Едва ли кто-нибудь с высоты вашего знания законов исторического
развития станет теперь упрекать Шекспира за то, что он в своей трагедии
вместо анализа социальных корней зла углубился в анализ природы человека. А
именно это и занимает мысли Гамлета. Будучи честным до конца, он видит не
только пороки других, но и свои. "Сам я скорее честен, - говорит он Офелии,
- и все же я мог бы обвинить себя в таких вещах, что лучше бы моя мать не
родила меня на свет; я очень горд, мстителен, честолюбив; к моим услугам
столько прегрешений, что мне не хватает мыслей, чтобы о них подумать,
воображения, чтобы придать им облик, и времени, чтобы их совершить" (III,
1). Гамлет не рисуется и не клевещет на себя. Он говорит здесь о тех
потенциях зла, которые таятся в каждом человеке, и в том числе в нем самом.
Меланхолия Гамлета сочетается, таким образом, с определенным
мировоззрением. Спросим себя: меланхолия ли привела датского принца к столь
печальным выводам о природе человека, или ясное сознание зла повергло его в
глубокую скорбь? Скорее последнее.
Означает ли все это, что Гамлет совершенно утратил веру в человека?
Нет, он неточен, когда говорит, что из людей его не радует ни один. Б_ы_л
человек, который его радовал, - его отец: "Он человек был человек во
всем..." (I, 2). В беседе с матерью, вспоминая покойного отца и воссоздавая
его облик, Гамлет рисует свой идеал человека:
"Чело Зевеса; кудри Аполлона;
Взор, как у Марса, - властная гроза;
Осанкою - то сам гонец Меркурий
На небом лобызаемой скале;
Поистине такое сочетанье,
Где каждый бог вдавил свою печать,
Чтоб дать вселенной образ человека.
То был ваш муж" (III, 3).
Но не только был, - есть рядом с Гамлетом человек, в которой видит
воплощение лучших достоинств. Это Горацио. Гамлет говорит ему:
"Едва мой дух стал выбирать свободно
И различать людей, его избравье
Отметило тебя; ты человек,
Который и в страданиях не страждет
И с равной благодарностью приемлет
Гнев и дары судьбы; благословен,
Чьи кровь и разум так отрадно слиты,
Что он не дудка в пальцах у Фортуны,
На нем играющей. Будь человек
Не раб страстей, то я его замкну
В средине сердца, в самом сердце сердца,
Как и тебя" (III, 2).
В этой речи Гамлет сравнивает Горацио с другими и с собой. Он не раб
страстей, как Клавдий или Гертруда, которых темные страсти заставили
преступить первейшие законы человеческой нравственности. Нет в нем и того
разлада, который терзает душу Гамлета. Правда, Горацио не подвергся таким
испытаниям, какие выпаои на долю его царственного друга. Но в данном случае
даже не важно в какой мере верна та характеристика, которую Гамлет дает
Горацио. Важно то, что Гамлет не утратил веры в человека, в достижимость им
душевной гармонии.
Гамлета все время мучает то, что сам он далек от этого своего идеала.
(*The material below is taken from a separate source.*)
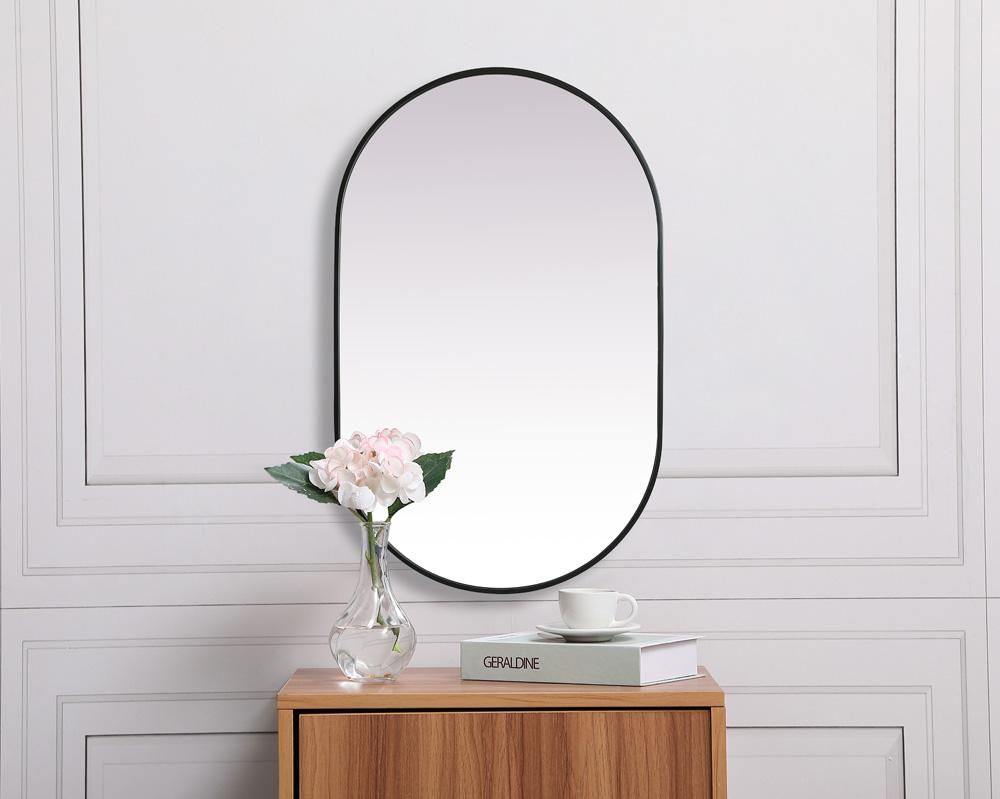 Elegant Furniture & Lighting - Asha Metal Frame Oval Mirror 30x48 Inch in Black - MR2A3048BLK veiw 5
Когда он осыпает себя упреками, смысл их не ограничивается обвинениями в
медлительности, хотя говорит он, видимо, только об этом. Гамлет винит себя
за то, что не может совладать со своими страданиями, примирить разум и
чувство, мысль и действие. Как и все другие проблемы, проблема Человека
является для Гамлета конкретной, и ее решение связано для него прежде всего
с самим собой, с его способностью самому стать достойным своего идеала.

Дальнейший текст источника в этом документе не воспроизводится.